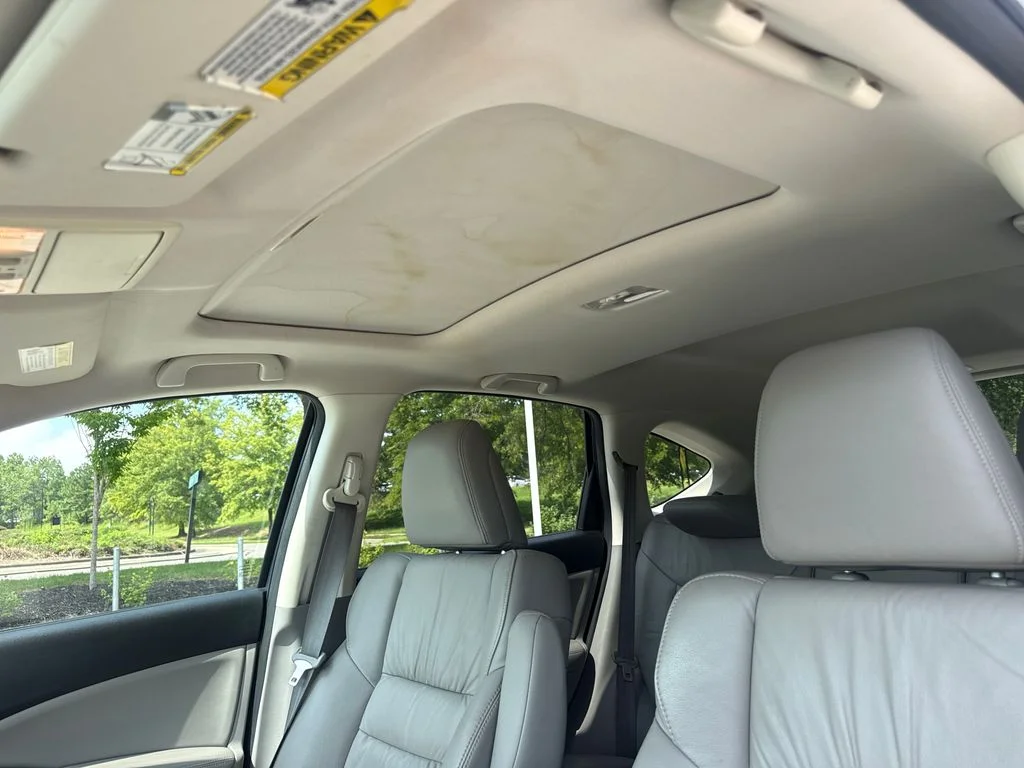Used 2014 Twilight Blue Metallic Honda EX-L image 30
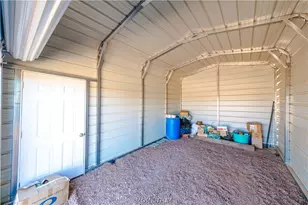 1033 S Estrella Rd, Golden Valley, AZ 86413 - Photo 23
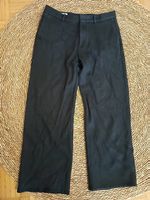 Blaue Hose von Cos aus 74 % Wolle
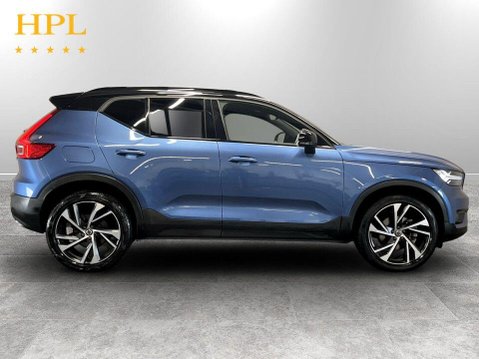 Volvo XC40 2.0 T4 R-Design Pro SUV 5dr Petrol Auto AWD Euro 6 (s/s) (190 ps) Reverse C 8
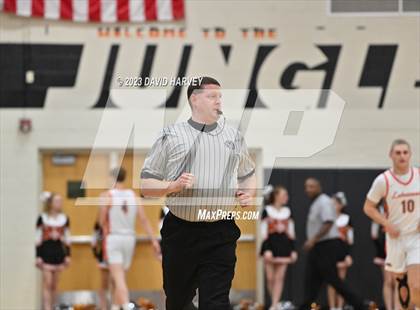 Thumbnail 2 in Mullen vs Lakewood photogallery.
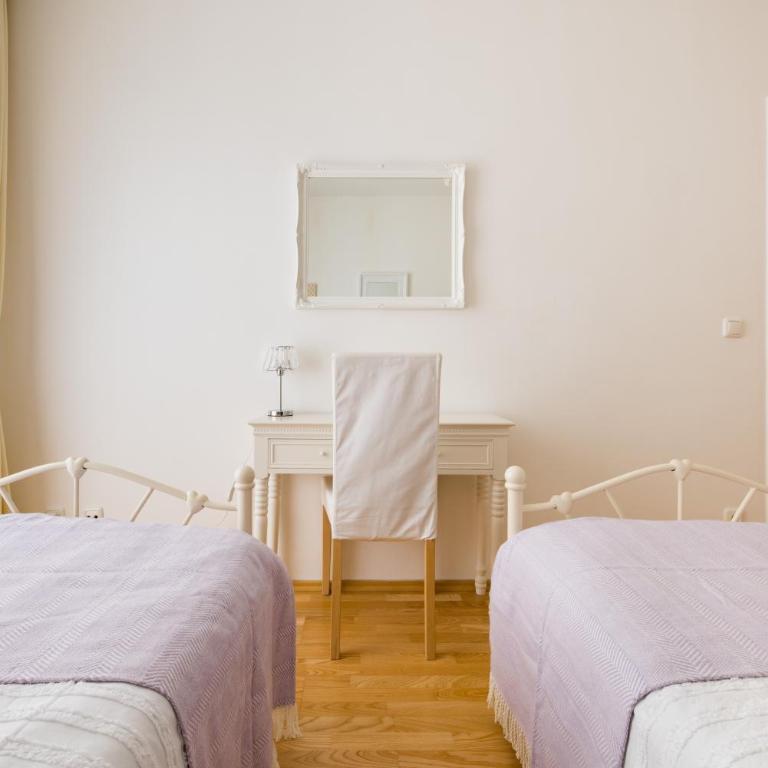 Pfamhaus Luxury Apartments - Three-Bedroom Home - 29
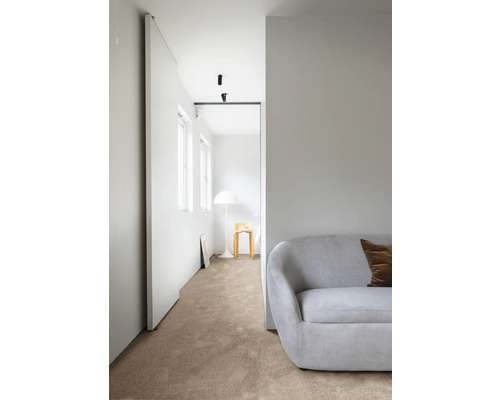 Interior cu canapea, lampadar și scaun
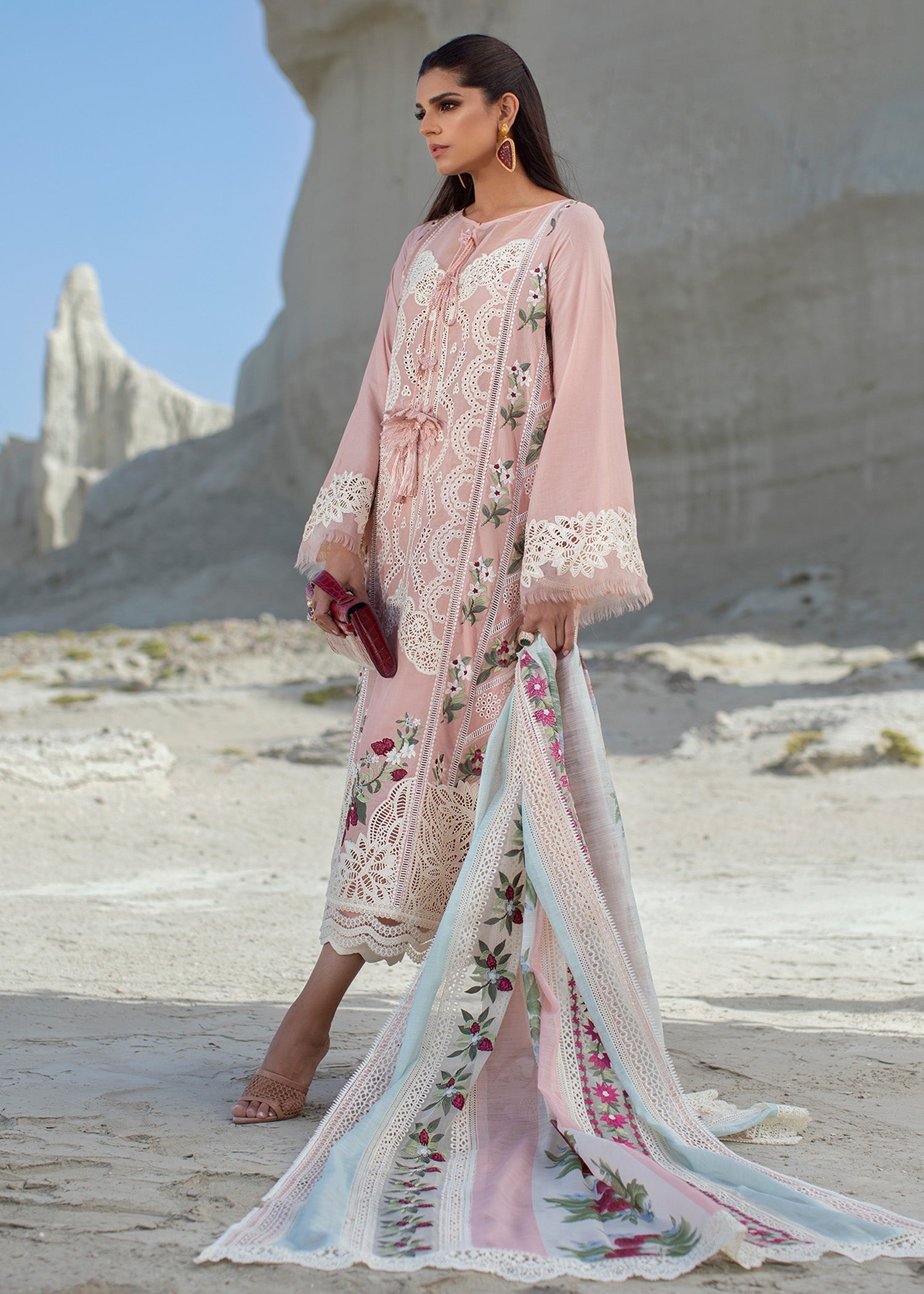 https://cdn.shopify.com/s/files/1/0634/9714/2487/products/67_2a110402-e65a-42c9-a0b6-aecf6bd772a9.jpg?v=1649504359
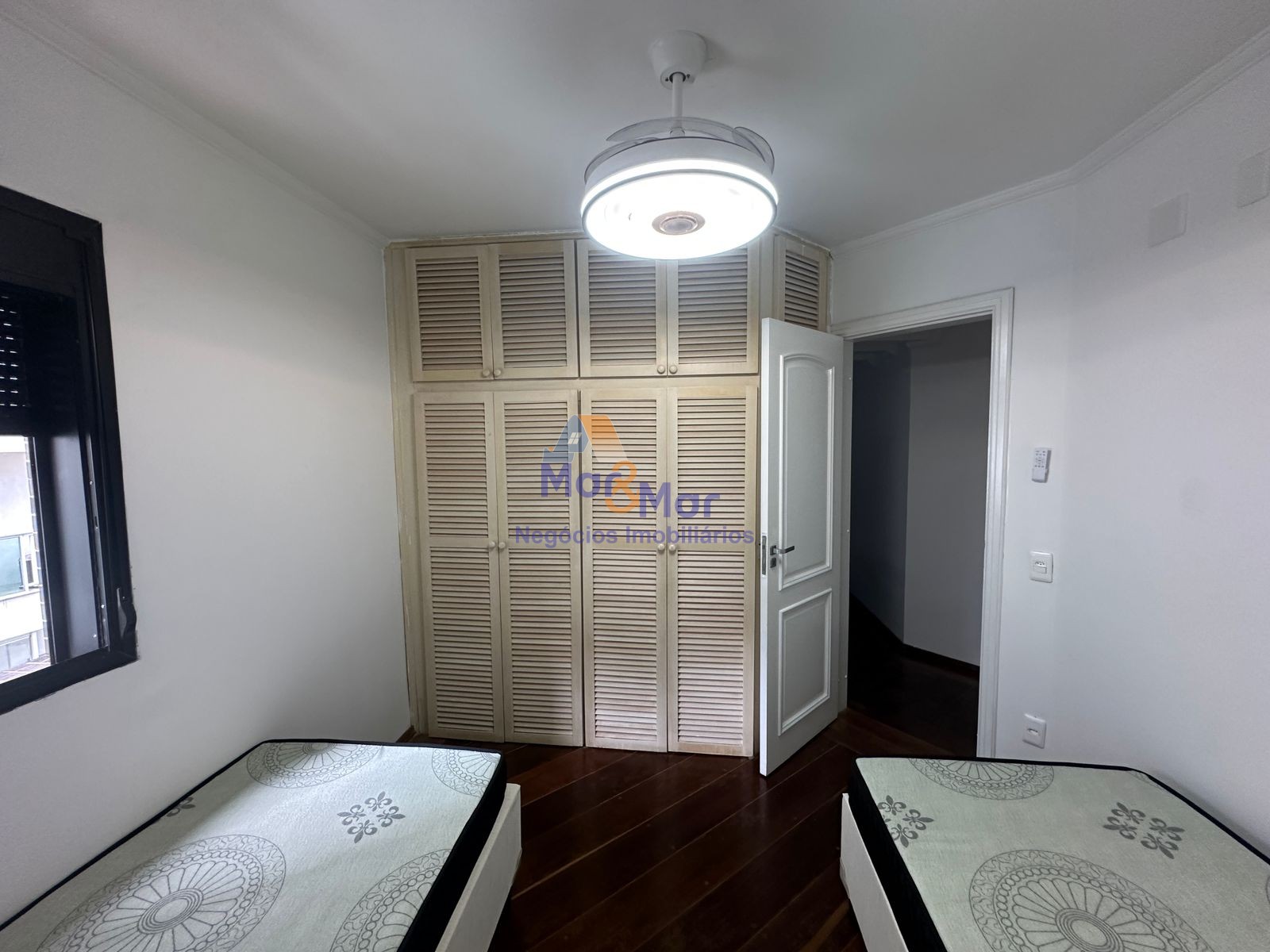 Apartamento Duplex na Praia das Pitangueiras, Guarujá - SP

----

# WHAT YOU SHOULD DO:
From the first line to the last, write out the data exactly, dropping any pictures.

# TASK RESULT:
Used 2014 Twilight Blue Metallic Honda EX-L image 30
 1033 S Estrella Rd, Golden Valley, AZ 86413 - Photo 23
 Blaue Hose von Cos aus 74 % Wolle
 Volvo XC40 2.0 T4 R-Design Pro SUV 5dr Petrol Auto AWD Euro 6 (s/s) (190 ps) Reverse C 8
 Thumbnail 2 in Mullen vs Lakewood photogallery.
 Pfamhaus Luxury Apartments - Three-Bedroom Home - 29
 Interior cu canapea, lampadar și scaun
 https://cdn.shopify.com/s/files/1/0634/9714/2487/products/67_2a110402-e65a-42c9-a0b6-aecf6bd772a9.jpg?v=1649504359
 Apartamento Duplex na Praia das Pitangueiras, Guarujá - SP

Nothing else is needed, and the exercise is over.